Près de 80 infirmières et infirmiers libéraux du Grand Est ont alerté Convergence Infirmière Grand Est sur des pratiques récurrentes observées lors de certaines orientations réalisées par les Dispositifs d’Appui à la Coordination (DAC) vers des Services Autonomie à Domicile (SAD).
Selon les témoignages recueillis, des patients seraient orientés de manière quasi systématique en sortie hospitalière vers certains SAD, sans que leur libre choix soit systématiquement recherché ou respecté. Les professionnels dénoncent ainsi une éviction progressive des infirmières et infirmiers libéraux de prises en charge qu’ils sont pourtant parfaitement en capacité d’assurer.
Convergence Infirmière rappelle que le libre choix de son professionnel de santé constitue un droit fondamental du patient. Les DAC ont pour mission de coordonner les parcours de soins, non de créer des circuits fermés ou de favoriser une structure au détriment d’une autre.
Les infirmières et infirmiers libéraux assurent quotidiennement l’ensemble des soins relevant de leur champ de compétences : évaluation clinique, surveillance de l’état de santé, soins d’hygiène prescrits, préparation et suivi des traitements, pansements, prévention des complications et coordination avec les autres professionnels de santé.

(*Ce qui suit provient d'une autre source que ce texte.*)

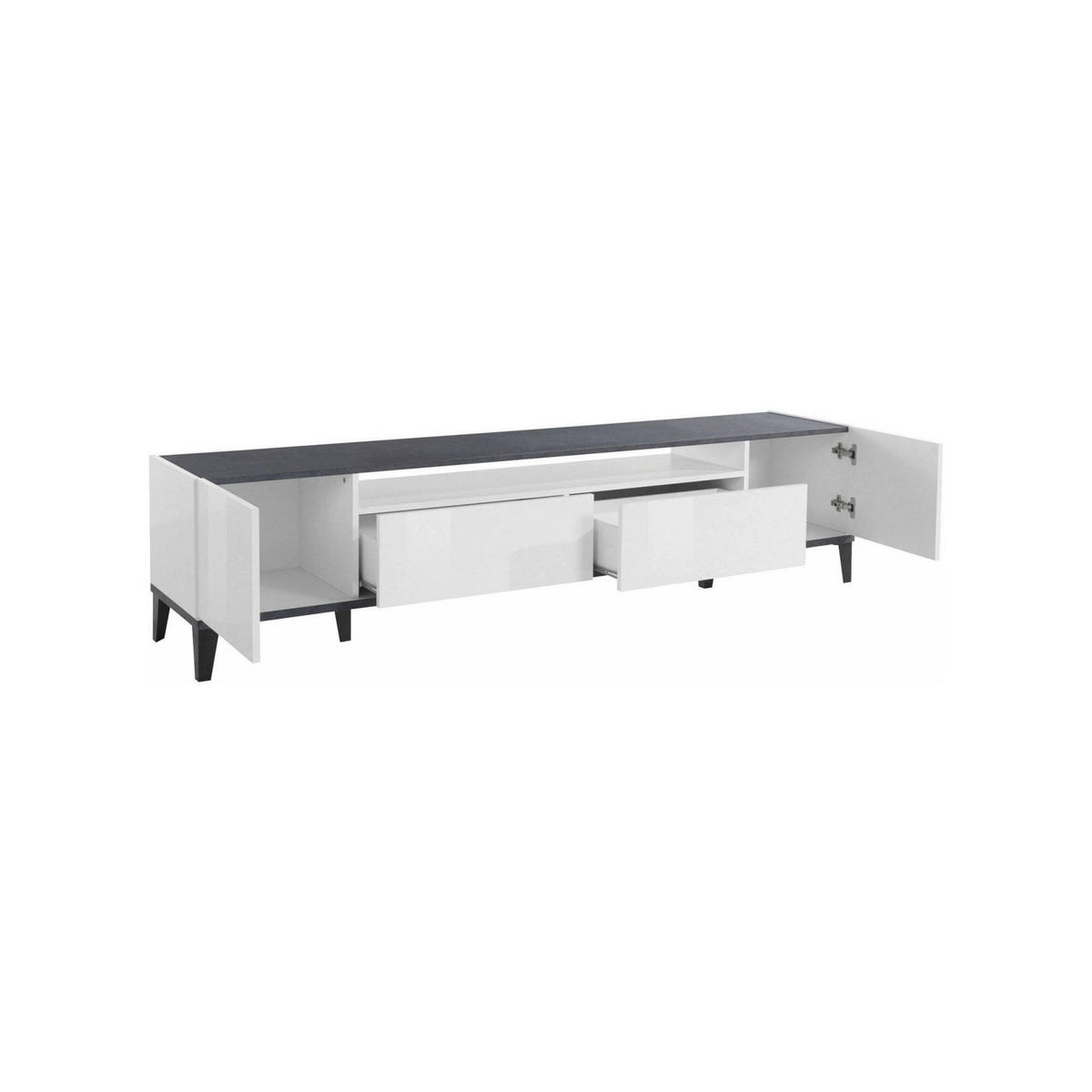 FERNSEHSCHRANK Glänzendes Weiß, Schiefer 40/200/47 cm - Schieferfarben/Weiß, Holzwerkstoff (200/47/40cm) - DMORA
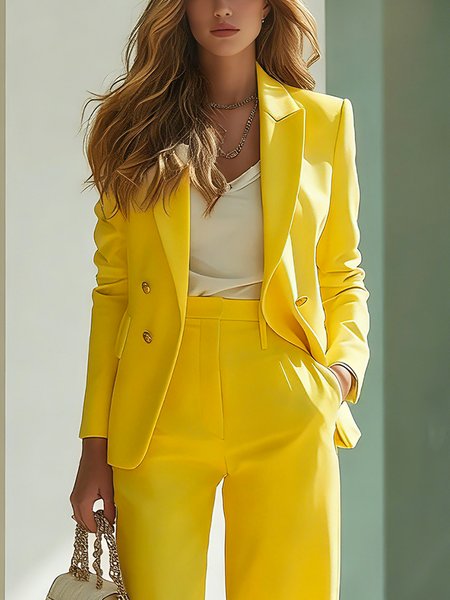 

Urban Buttoned Plain Lapel Collar Blazer, Yellow, Blazers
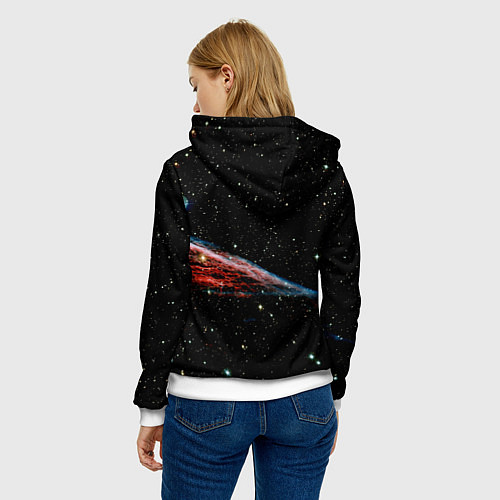 Женская толстовка Котёнок космонавт в открытом космосе / 3D-Белый – фото 4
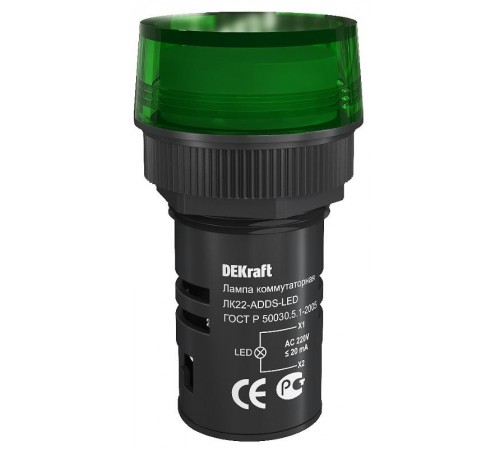 Лампа комм. ADDS 22 мм Цвет:ЗЕЛЕНЫЙ LED 220В ЛK-22 a  25002DEK  DEKraft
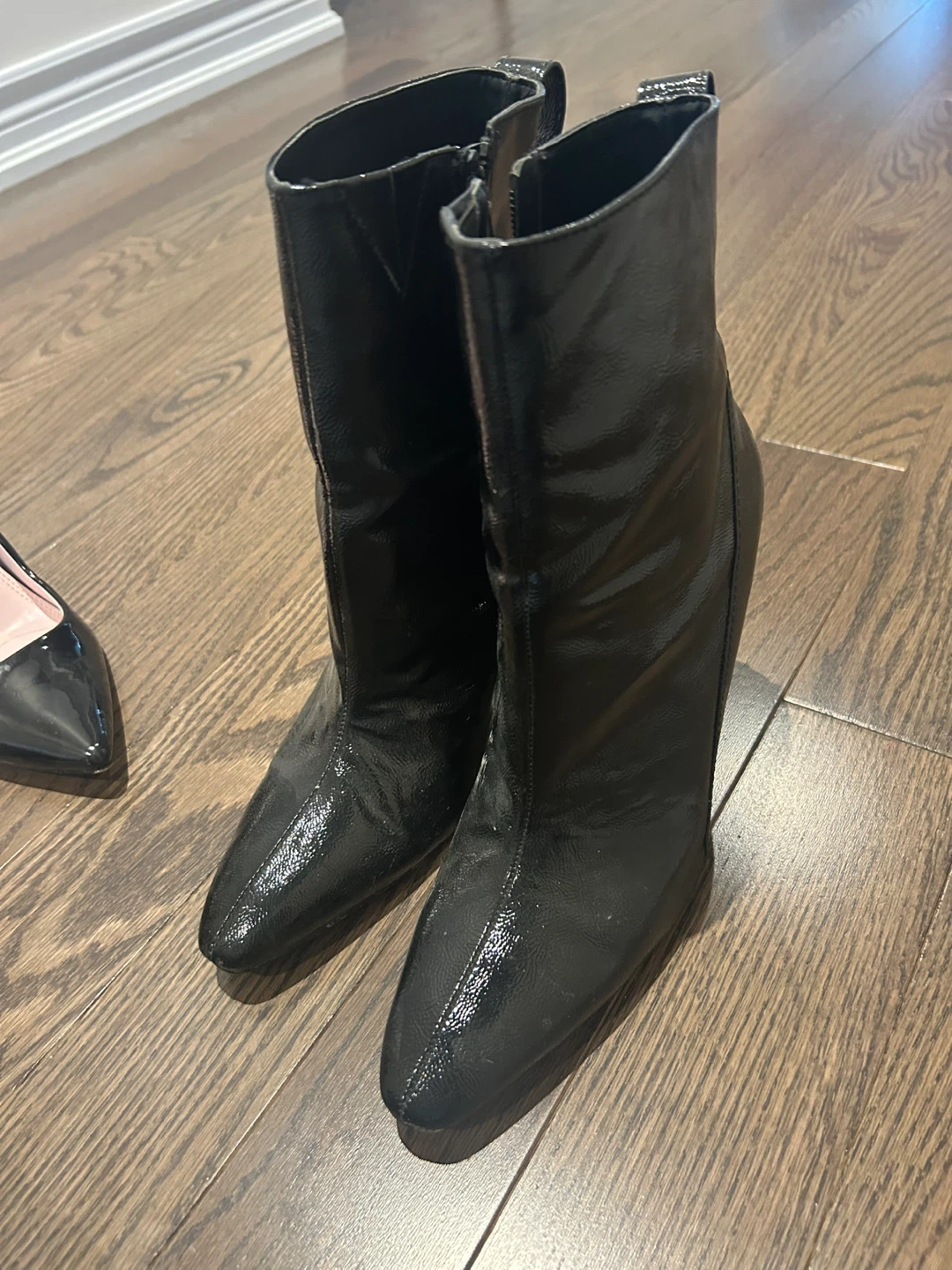 Black patent leather wedge boots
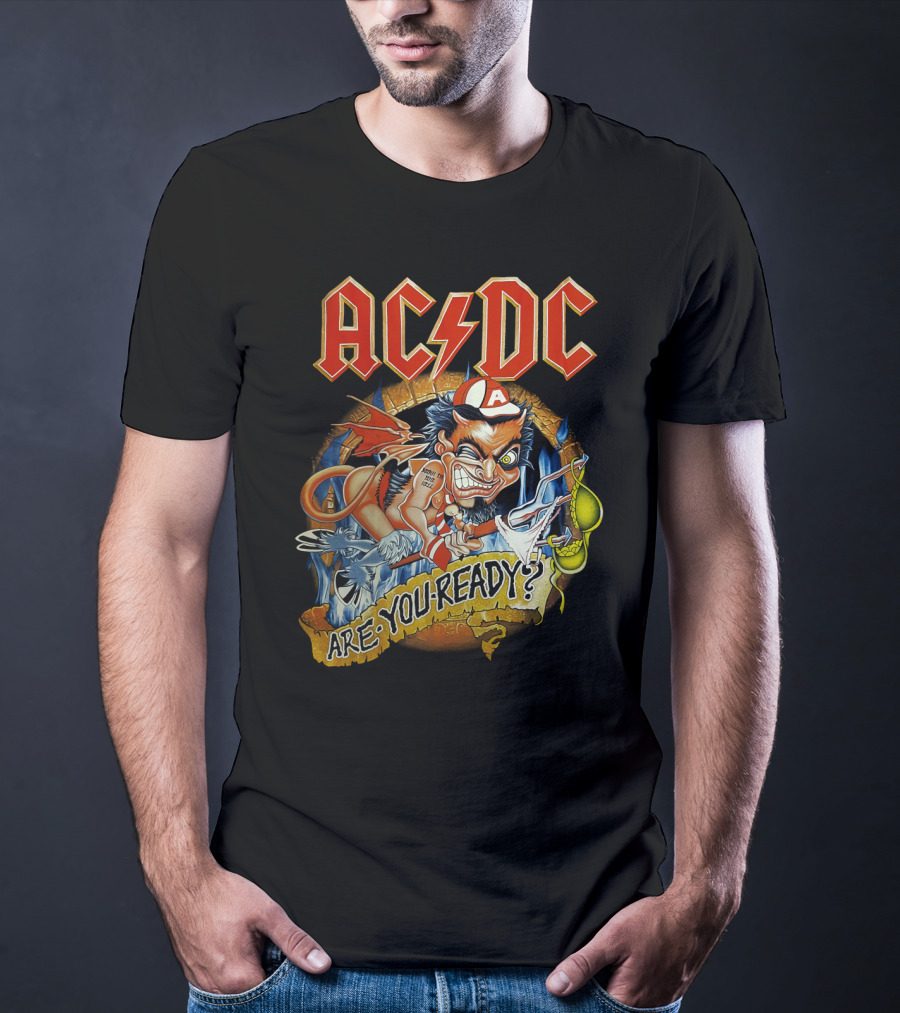 Acdc Are You Ready? Mailed Comic Character T-Shirt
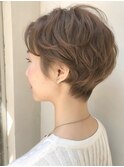 白髪ぼかし/くせ毛カット/ショートボブ/マロンベージュ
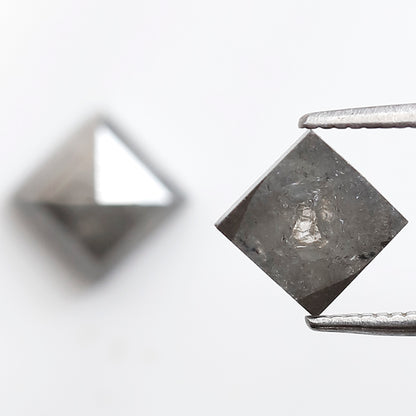 2.42 Ct Kite Shape Loose Diamond Pair, Natural Gray Black Salt and Pepper Diamonds, Unique Gems for Wedding Jewelry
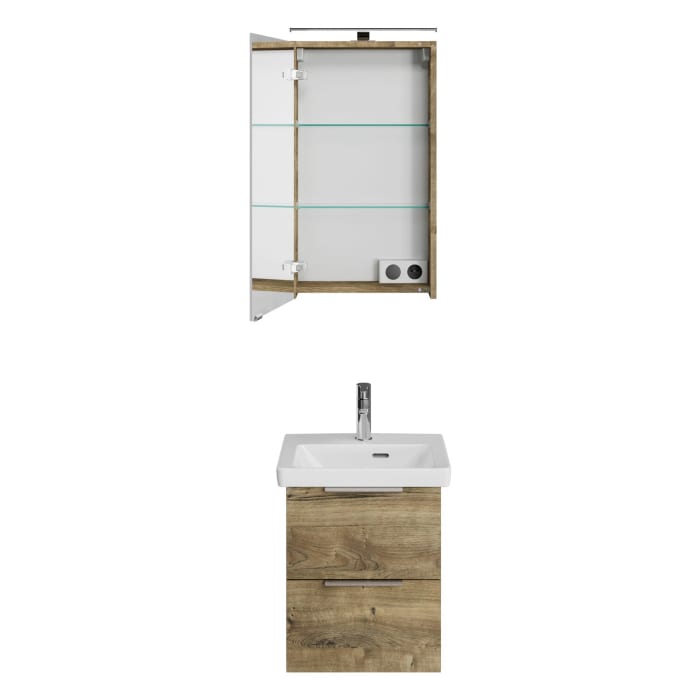 Steinkamp Living 2.0 / Villeroy & Boch Subway 3.0 Badmöbel Set 50 cm mit Spiegelschrank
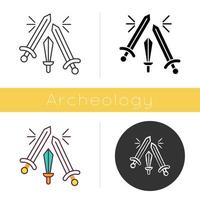 Sword fighting icon. Weapon clashing. Battling and war. Ancient history. Longswords and broadswords. Battlefield. Flat design, linear and color styles. Isolated vector illustrations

Les témoignages recueillis font également état de situations particulièrement préoccupantes concernant la réalisation de certains actes relevant des compétences infirmières.
Convergence Infirmière rappelle qu’un pansement constitue un acte infirmier. Sa réalisation nécessite une évaluation clinique préalable, l’identification des risques infectieux, le choix du protocole adapté et une surveillance de l’évolution de la plaie. Ces actes ne peuvent être banalisés. De même, la question de l’accompagnement à la prise médicamenteuse ne peut être réduite à la simple remise d’un pilulier.
Lorsque le patient n’est pas en capacité d’identifier lui-même ses médicaments, de comprendre son traitement ou de repérer une erreur éventuelle, la sécurisation de la prise médicamenteuse relève d’une compétence infirmière. La surveillance clinique, l’évaluation de la compréhension du traitement, le repérage des effets indésirables ou des interactions médicamenteuses font partie intégrante de cette mission.
La iatrogénie médicamenteuse constitue aujourd’hui un enjeu majeur de santé publique. Les accidents liés aux médicaments sont responsables de plus de 130 000 hospitalisations et de plus de 7 500 décès par an en France, principalement chez les personnes âgées polymédiquées. Les chutes, malaises, confusions, surdosages, erreurs de prise ou interactions médicamenteuses représentent des causes fréquentes d’hospitalisation évitable.
Cette situation est d’autant plus préoccupante que les Services Autonomie à Domicile font souvent face à des difficultés croissantes de recrutement et font appel à certains intervenants de moins en moins expérimentés et qualifiés, avec un turn-over important. Cette situation conduit parfois à confier l’accompagnement de patients présentant des pathologies complexes à des intervenants dont les missions, la formation et les compétences ne relèvent pas du champ infirmier.
Dans ce contexte, Convergence Infirmière exige :
• Le respect strict du libre choix du patient ;
• La transparence des procédures d’orientation entre DAC et SAD ;
• Le respect des compétences professionnelles de chaque intervenant ;
• La fin des orientations systématiques conduisant à l’éviction des infirmiers libéraux ;
• La vérification par les autorités compétentes des situations signalées par les professionnels de terrain.
Convergence Infirmière accompagnera, en lien avec ses représentants de la région Grand Est, les infirmières et infirmiers libéraux qui souhaiteraient faire constater ou signaler des situations qu’ils estimeraient contraires à la réglementation.
Lorsque les faits seront documentés, le syndicat soutiendra toutes les démarches visant à faire respecter le libre choix du patient, à lutter contre les pratiques de détournement de patientèle et à faire cesser toute situation susceptible de relever de l’exercice illégal d’une profession de santé.
La coordination est indispensable. L’éviction des professionnels libéraux ne l’est pas. Le domicile n’appartient ni aux DAC, ni aux SAD. Il appartient d’abord au patient, qui doit rester libre de choisir ses professionnels de santé. Les financements publics destinés à améliorer l’accès aux soins ne doivent jamais servir à organiser l’éviction des professionnels déjà présents sur le terrain.